Ein Kommentar von Martin Winter, Brüssel

Es zeugt von politischer Reife, dass das Europäische Parlament jetzt seinem ersten Impuls widerstanden hat, einen großen Streit mit den EU-Staaten über den künftigen Haushalt der Gemeinschaft vom Zaune zu brechen. Die Abgeordneten sind mit gutem Grund unzufrieden mit dem Sparetat, den ihnen die 27 Regierungen präsentiert haben. Und sie hätten es in der Hand gehabt, ihn in Bausch und Bogen zu verwerfen.

Aber mitten in der Euro-Krise einen Konfrontationskurs gegen die Mitgliedsländer einzuschlagen, hieße das ohnehin nicht große Ansehen der europäischen Institutionen bei den Bürgern weiter zu schädigen. Dabei braucht die EU in diesen schweren Zeiten nichts so sehr wie das Vertrauen der Menschen in ihre Funktionsfähigkeit - und darein, dass Streitereien in Brüssel nicht zu Lasten der Bürger gehen.

So zeigt sich jenes Parlament, das früher allzu oft der Versuchung des verbalradikalen Resolutionismus nachgab, nun als verantwortungsbewusster Akteur. Und es stärkt damit seine Rolle, was Europa nur guttun kann.

Denn so richtig es ist, dass in den Hochzeiten der Krise schnell gehandelt werden musste, was nur die Mitgliedsländer oder die Euro-Gruppe können, so richtig ist auch, dass der langfristige Umbau der Wirtschafts- und Währungsunion und die Stabilisierung der Europäischen Union gut überlegt und öffentlich debattiert sein will. Der Ort für diese Debatte ist das Europaparlament - aber eben nur dann, wenn es sich als eine Volksvertretung erweist, die sich ihrer großen Verantwortung bewusst ist und sich nicht in den in Brüssel so beliebten innerinstitutionellen Machtspielchen verhakelt.

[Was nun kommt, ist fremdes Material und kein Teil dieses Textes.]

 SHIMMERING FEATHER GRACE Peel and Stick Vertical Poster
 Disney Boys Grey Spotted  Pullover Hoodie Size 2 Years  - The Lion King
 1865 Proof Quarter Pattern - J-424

Es ist eine ganz natürliche Reaktion, dass sich die Menschen in der Krise vor allem an ihren nationalen Regierungen und Interessen orientieren. Umso wichtiger ist es, die europäische Demokratie zu stärken und sichtbarer zu machen. Das Europaparlament ist da auf einem guten Weg.

Ingredienzien für ein demokratischeres Europa

Dort, wo es im Interesse der Bürger war, den harten Konflikt mit den Mitgliedsstaaten und mit der Kommission zu suchen, hat es ihn nicht gescheut, etwa beim umstrittenen Bankdatentransfer in die USA. Bei den verschiedenen Programmen zur Stabilisierung der Währung hat es hart, aber erfolgsorientiert verhandelt und Verbesserungen durchsetzen können.

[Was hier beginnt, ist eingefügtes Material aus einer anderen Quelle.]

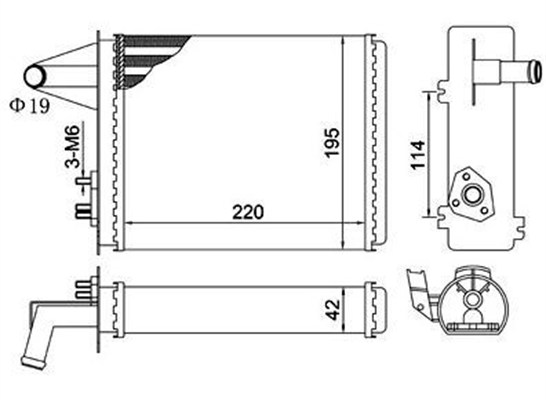 MAGNETI MARELLI 359000392130 Εναλλάκτης θερμότητας, θέρμανση εσωτερικού χώρου for FIAT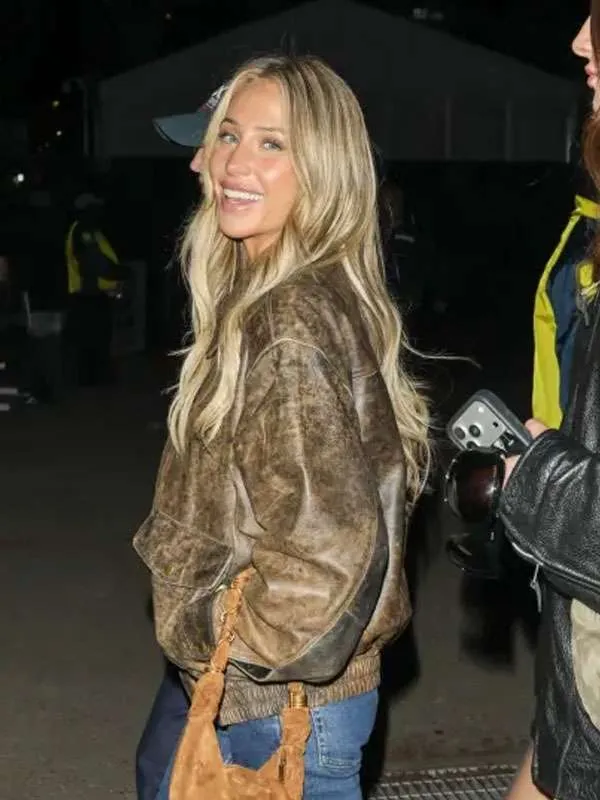 Alix Earle Super Bowl LX Brunch 2026 Distressed Leather Jacket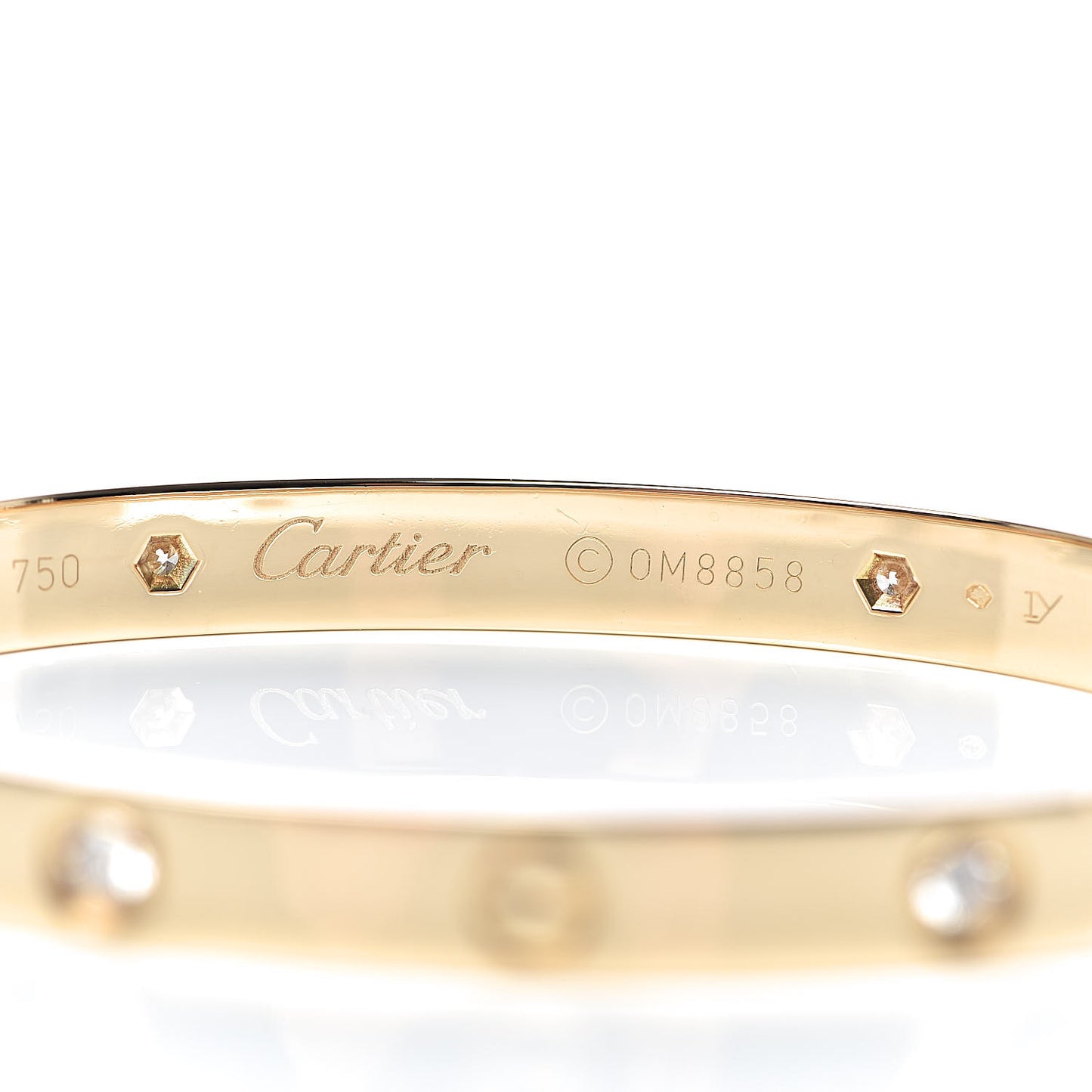 18K Yellow Gold 4 Diamond LOVE Bracelet 18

Doch das Europaparlament ist im Bewusstsein der Menschen noch nicht das, was es sein will und was es sein muss: ihre europäische Volksvertretung, die nicht weniger wichtig ist, als die jeweilige nationale Abgeordnetenkammer. Im kommenden Jahr finden die Europawahlen statt, und es wäre ein Desaster für die europäische Demokratie und für das politische Gewicht des Europaparlamentes, wenn sich wieder nur eine Minderheit der Europäer an den Wahlurnen einfinden würde.

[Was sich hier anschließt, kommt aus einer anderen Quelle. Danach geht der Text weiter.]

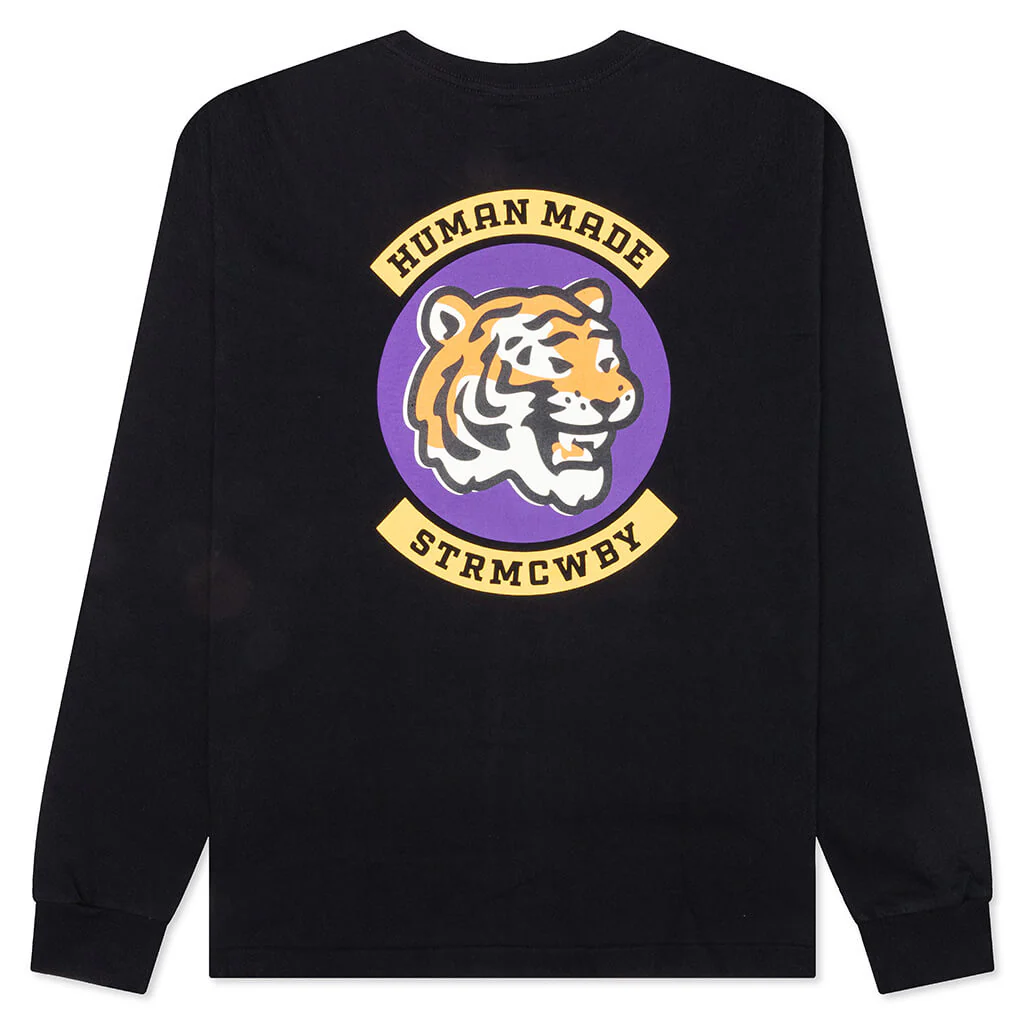 Graphic L/S T-Shirt - Black - Image 2
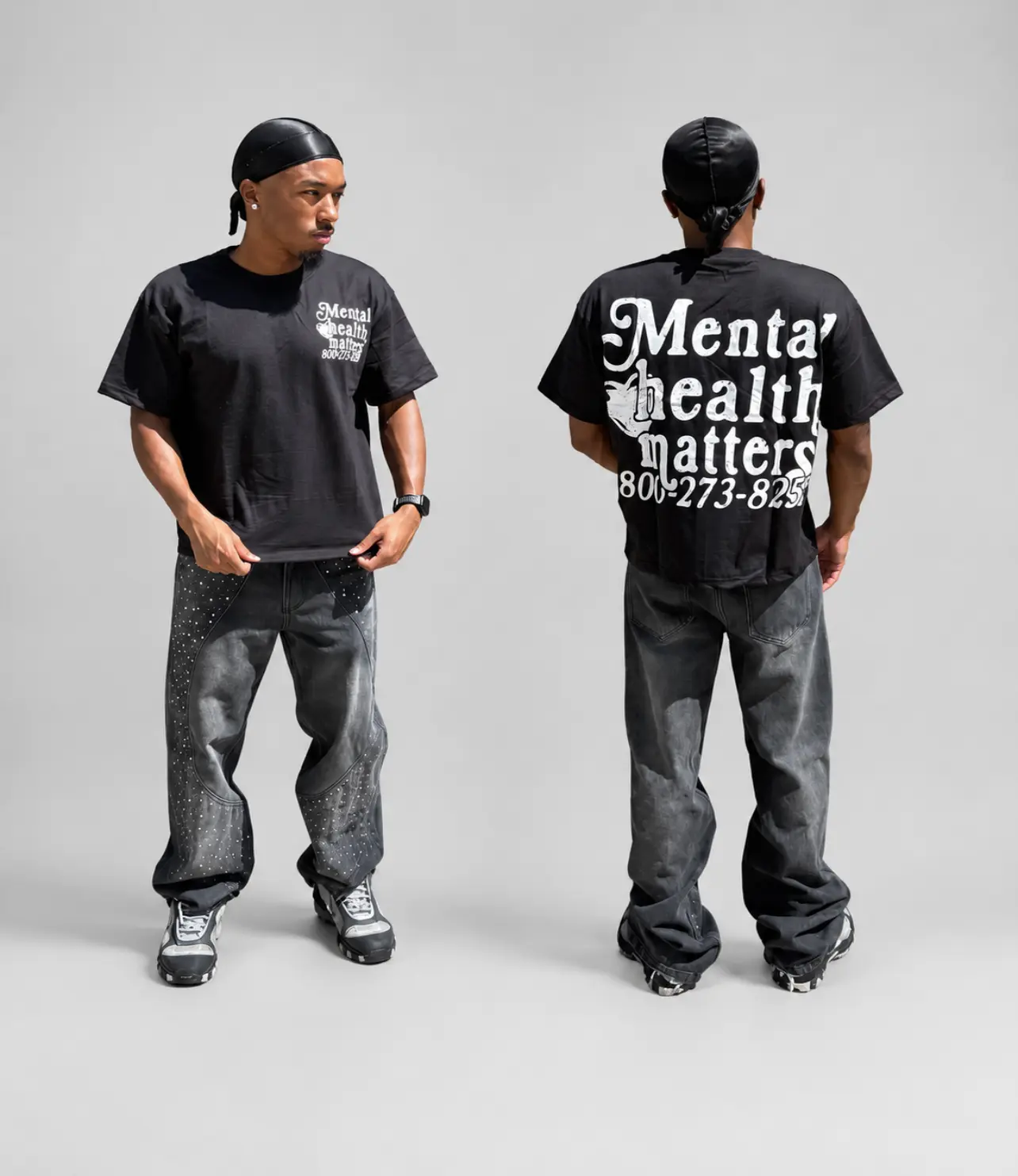 Double Mental Health Matters Tee - Black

Die Absicht der großen Parteifamilien, also der Christlich-Konservativen und der Sozialdemokraten, mit europaweiten Spitzenkandidaten für das Amt des Kommissionspräsidenten in den Wahlkampf zu ziehen, kann die Wahl attraktiver machen. Wenn die Menschen das Gefühl haben, dass sie Einfluss auf diese zentrale Personalentscheidung haben, dann werden sie die Wahl ernster nehmen und ihre Stimmen weniger an Protestparteien verschenken.

Ein politisch selbstbewussteres Parlament, ein Chef der Kommission, der aus freien Wahlen hervorgeht und nicht zwischen den Regierungen ausgemauschelt wird, das sind einige Ingredienzien für ein demokratischeres Europa. Dafür bedarf es freilich auch eines Umdenkens bei den Mitgliedsstaaten. So lange die EU kein Bundesstaat wird, bleiben sie zwar die Herren der Union. Funktionieren wird diese auf Dauer aber nur, wenn die Hauptstädte die europäische Volksvertretung als einen Partner auf Augenhöhe annehmen.